Batu tersebut merasa lelaki itu membuatnya menjadi bagian dari satu pembunuhan hina. Sayangnya, batu tidak bisa berkata-kata dan didengar oleh manusia. Dia juga tidak bisa bergerak semaunya untuk membalas dendamnya pada lelaki itu. Yang bisa dilakukannya hanya menunggu saat yang tepat untuk membalas dendamnya, entah bagaimana caranya nanti.

Akhirnya waktu yang dinanti pun tiba dan si batu akhirnya melihat sendiri kematian lelaki tersebut. Lelaki tersebut mati karna menginjak batu bulat serupa kelereng lalu tergelincir.
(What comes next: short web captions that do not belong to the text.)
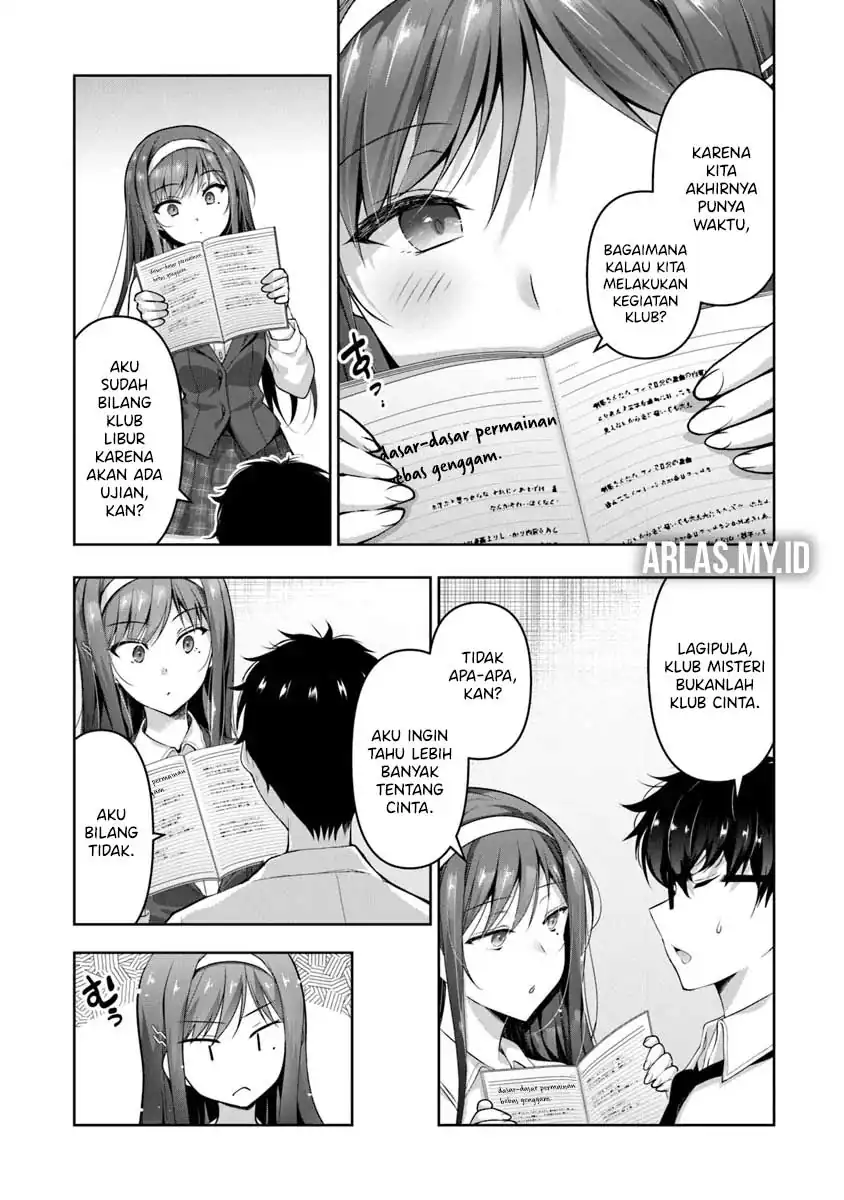 Watashi Nibanme no Kanojo de Ii kara Chapter 5.1 Gambar 13
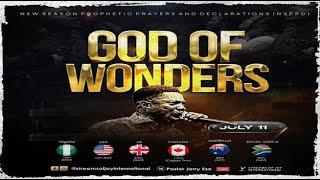 GOD OF WONDERS || NSPPD || 11TH JULY 2024
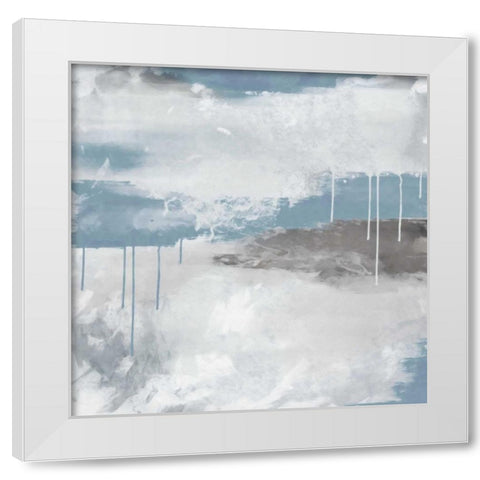Empyrean 1 White Modern Wood Framed Art Print by Alvarez, Cynthia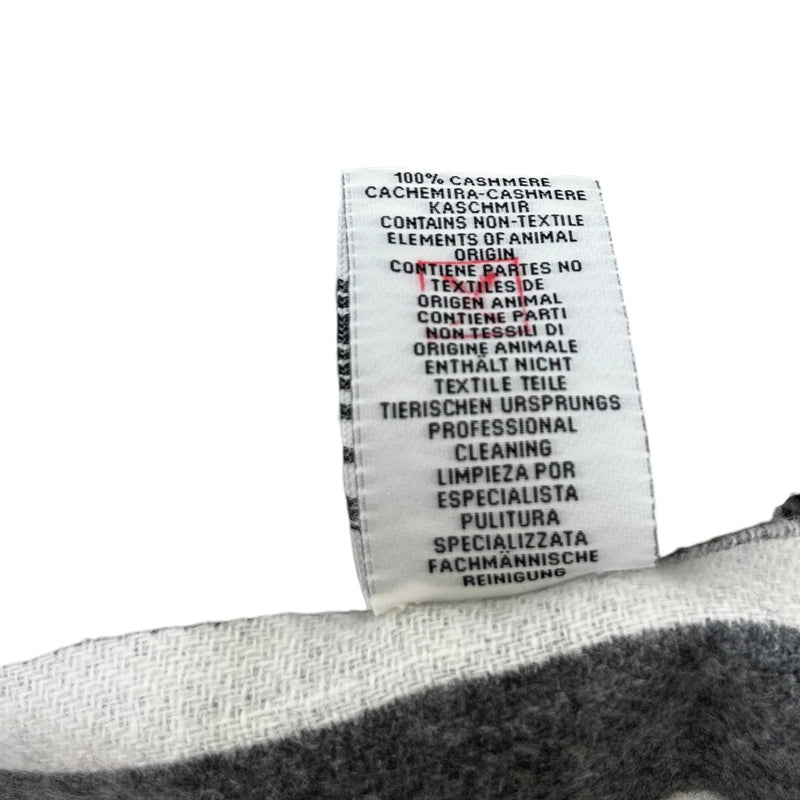 Men's Petite Casaque Coaching Scarf Grey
Kepalanya menghantam ujung ranjang yang terbuat dari kayu mahoni sebelum membentur lantai, bocor dengan otak meleleh. Di luar dugaan, apa yang dilihat oleh batu tersebut ternyata tidak membuatnya bahagia.

Selain dua cerita di atas, Gincu ini Merah, Sayang juga memberi pembaca pesan tersendiri, mengisahkan betapa fatalnya akibat dari ketidakterbukaan dan kesalahfahaman di antara suami istri yang masih dibayang bayangi masa lalu pasangan masing-masing.
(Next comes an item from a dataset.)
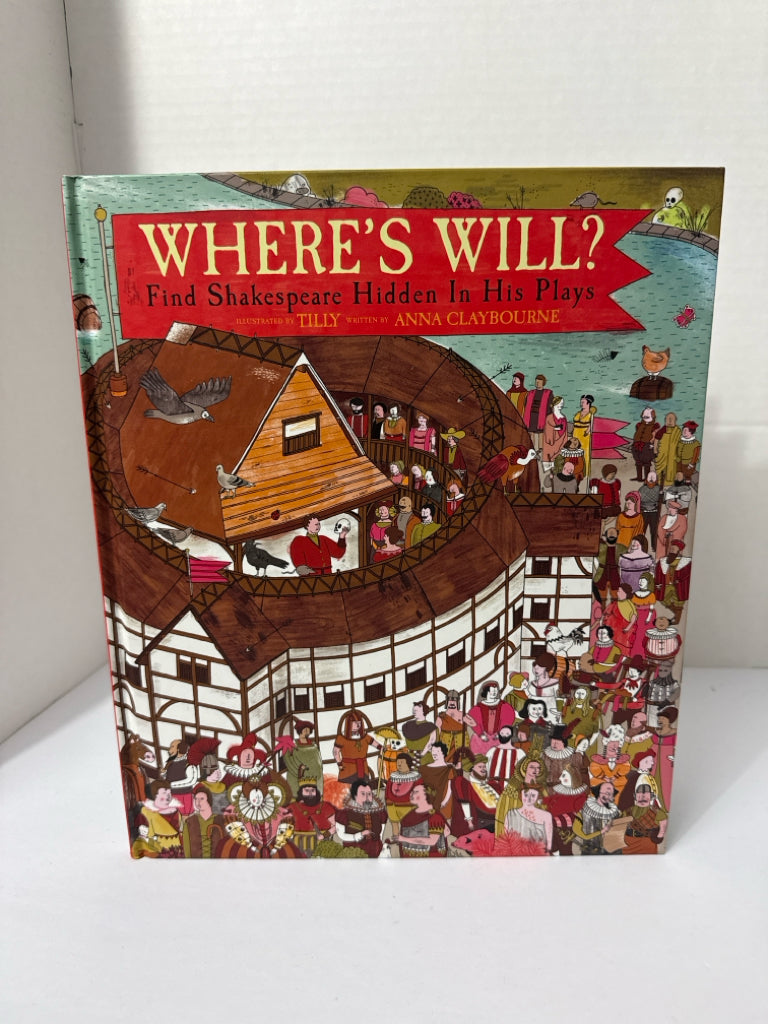 Where's Will? Anna Claybourne Kane Miller Hardback Books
Kalimat-kalimat dan alur cerita yang dikemukan oleh Eka Kurniawan mampu membawa pembaca mendalami karakter karakter di setiap ceritanya. Di akhir cerita pembaca juga di bawa berfikir akan apa yang sebenarnya ingin disampaikan oleh penulis.

Sebut saja di Gincu ini Merah, Sayang dimana penulis menceritakan kisah dari 2 sudut pandang berbeda dan bagaimana akhirnya jika perasaan dan syak wasangka bisa berakibat sangat buruk dan merugikan diri sendiri. Kisah ini yang juga mengingatkan pembaca bahwa terkadang niat baik tidak selalu dianggap baik dan berakibat baik.

Itulah sekelumit kisah-kisah di buku Perempuan Patah Hati yang Kembali Menemukan Cinta Melalui Mimpi. Buku yang berisi 170 halaman yang terdiri dari 15 cerita pendek ini cocok dibaca untuk siapa saja yang tidak menyukai bacaan yang terlalu tebal, apalagi kisah-kisah di dalamnya cukup sederhana namun mampu menghibur dengan tetap memberi pesan kehidupan kepada pembacanya.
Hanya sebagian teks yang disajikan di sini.